Strength & Lovingkindness
“Thy God hath sent forth strength for thee.”
“The day lies before us. It will bring us things that in ourselves we have no strength to meet. That does not matter. Our God has already sent forth strength for us. It is like that other word, My God with His lovingkindness shall come to meet me. Strength and lovingkindness—what more do we need? That duty, that difficulty, which we see coming to meet us, what of it? Our God hath already sent forth strength for us, and before the thing we fear can meet us on the road, our God with His lovingkindness shall meet us there.”
Edges of His Ways
It Is Enough
“St. John lived to about the age of a hundred. He was at last so weak that he could not walk into the church; so he was carried in, and used to say continually to his people, 'Little children, love one another.' Some of them, after a time, began to be tired of hearing this, and asked him why he repeated the words so often, and said nothing else to them. The Apostle answered, 'Because it is the Lord's commandment, and if this be done it is enough.'”

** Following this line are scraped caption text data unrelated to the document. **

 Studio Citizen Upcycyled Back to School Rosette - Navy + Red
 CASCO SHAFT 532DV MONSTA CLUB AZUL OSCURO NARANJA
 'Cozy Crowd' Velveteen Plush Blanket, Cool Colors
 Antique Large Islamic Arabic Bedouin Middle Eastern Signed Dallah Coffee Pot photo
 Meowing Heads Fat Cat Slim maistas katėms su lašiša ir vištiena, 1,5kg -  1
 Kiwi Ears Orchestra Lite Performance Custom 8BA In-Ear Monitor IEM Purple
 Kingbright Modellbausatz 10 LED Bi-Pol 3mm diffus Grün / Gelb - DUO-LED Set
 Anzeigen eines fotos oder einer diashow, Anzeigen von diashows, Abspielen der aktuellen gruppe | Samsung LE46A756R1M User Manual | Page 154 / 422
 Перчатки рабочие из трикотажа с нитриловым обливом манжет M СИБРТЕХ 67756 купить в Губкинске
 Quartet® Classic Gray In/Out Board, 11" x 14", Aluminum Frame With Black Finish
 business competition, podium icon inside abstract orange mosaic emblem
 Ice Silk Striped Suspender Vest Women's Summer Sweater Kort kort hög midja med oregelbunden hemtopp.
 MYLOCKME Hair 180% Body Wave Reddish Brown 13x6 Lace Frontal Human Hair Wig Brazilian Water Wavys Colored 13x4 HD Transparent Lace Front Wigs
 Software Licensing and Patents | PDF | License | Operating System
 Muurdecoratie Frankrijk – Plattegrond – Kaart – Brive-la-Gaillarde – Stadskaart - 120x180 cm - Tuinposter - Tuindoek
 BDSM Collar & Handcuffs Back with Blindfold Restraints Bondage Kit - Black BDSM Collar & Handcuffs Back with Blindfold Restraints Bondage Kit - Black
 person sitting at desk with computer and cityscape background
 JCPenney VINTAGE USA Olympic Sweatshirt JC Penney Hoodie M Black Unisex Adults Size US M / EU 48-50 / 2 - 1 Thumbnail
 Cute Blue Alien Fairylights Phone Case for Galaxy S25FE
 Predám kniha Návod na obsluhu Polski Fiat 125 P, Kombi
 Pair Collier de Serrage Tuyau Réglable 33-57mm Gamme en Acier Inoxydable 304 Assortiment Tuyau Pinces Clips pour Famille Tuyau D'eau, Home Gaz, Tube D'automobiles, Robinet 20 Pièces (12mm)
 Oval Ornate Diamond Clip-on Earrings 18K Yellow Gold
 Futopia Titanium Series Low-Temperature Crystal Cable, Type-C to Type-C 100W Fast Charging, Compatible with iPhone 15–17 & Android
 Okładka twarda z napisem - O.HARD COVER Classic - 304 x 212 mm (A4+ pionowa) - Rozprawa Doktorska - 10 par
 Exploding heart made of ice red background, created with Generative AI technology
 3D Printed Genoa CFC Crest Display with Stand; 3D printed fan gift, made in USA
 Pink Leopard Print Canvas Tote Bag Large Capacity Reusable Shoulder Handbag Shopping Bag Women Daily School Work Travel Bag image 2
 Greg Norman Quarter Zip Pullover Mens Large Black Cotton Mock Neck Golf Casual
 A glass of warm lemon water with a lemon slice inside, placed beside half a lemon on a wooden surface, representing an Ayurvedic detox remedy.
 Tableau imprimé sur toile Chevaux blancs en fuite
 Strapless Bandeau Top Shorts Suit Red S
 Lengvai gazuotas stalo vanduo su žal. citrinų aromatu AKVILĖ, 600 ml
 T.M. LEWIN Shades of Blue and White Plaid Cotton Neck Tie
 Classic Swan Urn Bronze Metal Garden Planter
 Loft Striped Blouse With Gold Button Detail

Sketches of Church History
Completeness & Continuance
“The blood of Jesus Christ his Son cleanseth us from all sin.”
1 John 1:7
“CLEANSETH,” SAYS THE TEXT—not “shall cleanse.” There are multitudes who think that as a dying hope they may look forward to pardon. Oh! how infinitely better to have cleansing now than to depend on the bare possibility of forgiveness when I come to die. Some imagine that a sense of pardon is an attainment only obtainable after many years of Christian experience. But forgiveness of sin is a present thing—a privilege for this day, a joy for this very hour. The moment a sinner trusts Jesus he is fully forgiven. The text, being written in the present tense, also indicates continuance; it was “cleanseth” yesterday, it is “cleanseth” today, it will be “cleanseth” tomorrow: it will be always so with you, Christian, until you cross the river; every hour you may come to this fountain, for it cleanseth still. Notice, likewise, the completeness of the cleansing, “The blood of Jesus Christ his Son cleanseth us from all sin”—not only from sin, but “from all sin.” Reader, I cannot tell you the exceeding sweetness of this word, but I pray God the Holy Ghost to give you a taste of it. Manifold are our sins against God. Whether the bill be little or great, the same receipt can discharge one as the other. The blood of Jesus Christ is as blessed and divine a payment for the transgressions of blaspheming Peter as for the shortcomings of loving John; our iniquity is gone, all gone at once, and all gone forever. Blessed completeness! What a sweet theme to dwell upon...
Charles H. Spurgeon
Morning and Evening
He sets free a woman caught in adultery
…JESUS WENT OFF to the Mount of Olives.
Early next morning he returned to the Temple and the entire crowd came to him. So he sat down and began to teach them. But the scribes and Pharisees brought in to him a woman who had been caught in adultery. They made her stand in front, and then said to him, “Now, master, this woman has been caught in adultery, in the very act. According to the Law, Moses commanded us to stone such women to death. Now, what do you say about her?”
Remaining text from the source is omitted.